• What to work on
When you print the records below, keep every word exact and leave out the images.

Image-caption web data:
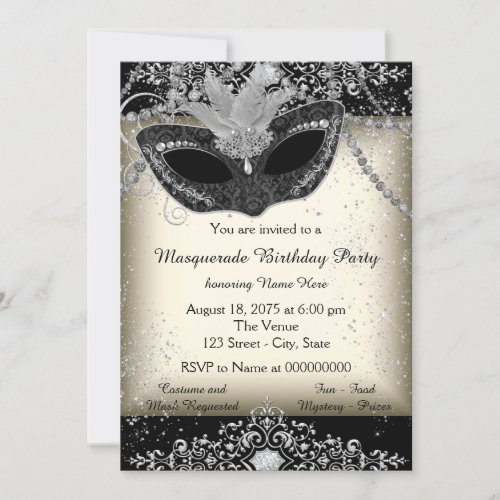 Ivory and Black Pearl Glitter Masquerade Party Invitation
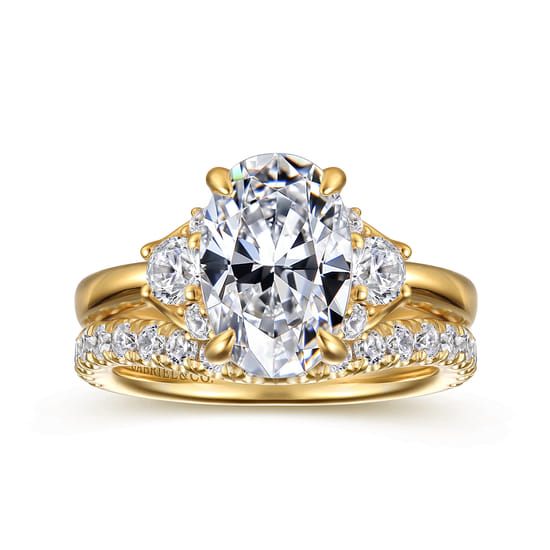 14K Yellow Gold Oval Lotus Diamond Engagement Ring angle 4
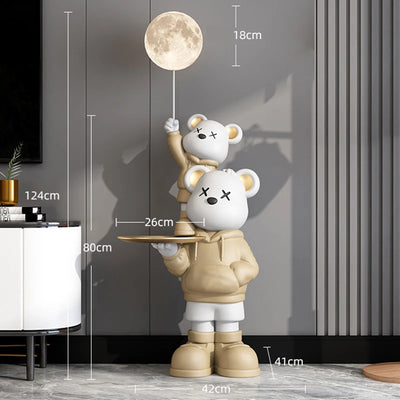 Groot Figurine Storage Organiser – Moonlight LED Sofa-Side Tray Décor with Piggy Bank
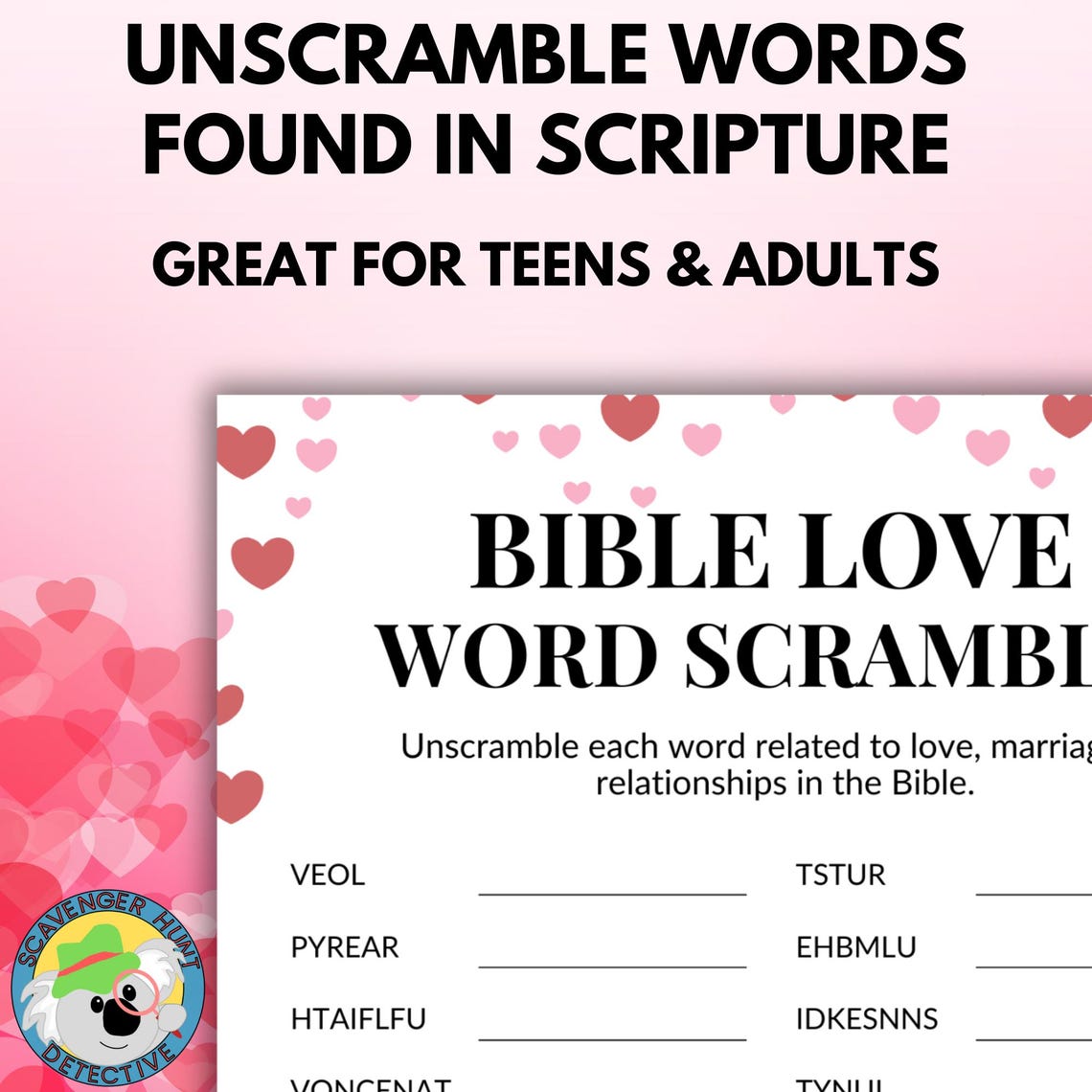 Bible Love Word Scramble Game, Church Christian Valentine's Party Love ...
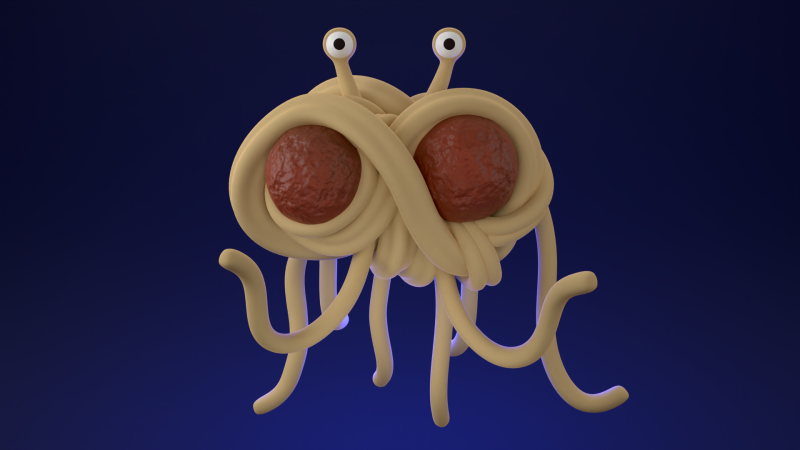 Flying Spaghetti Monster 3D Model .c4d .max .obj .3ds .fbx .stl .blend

• Result of this task
 Ivory and Black Pearl Glitter Masquerade Party Invitation
 14K Yellow Gold Oval Lotus Diamond Engagement Ring angle 4
 Groot Figurine Storage Organiser – Moonlight LED Sofa-Side Tray Décor with Piggy Bank
 Bible Love Word Scramble Game, Church Christian Valentine's Party Love ...
 Flying Spaghetti Monster 3D Model .c4d .max .obj .3ds .fbx .stl .blend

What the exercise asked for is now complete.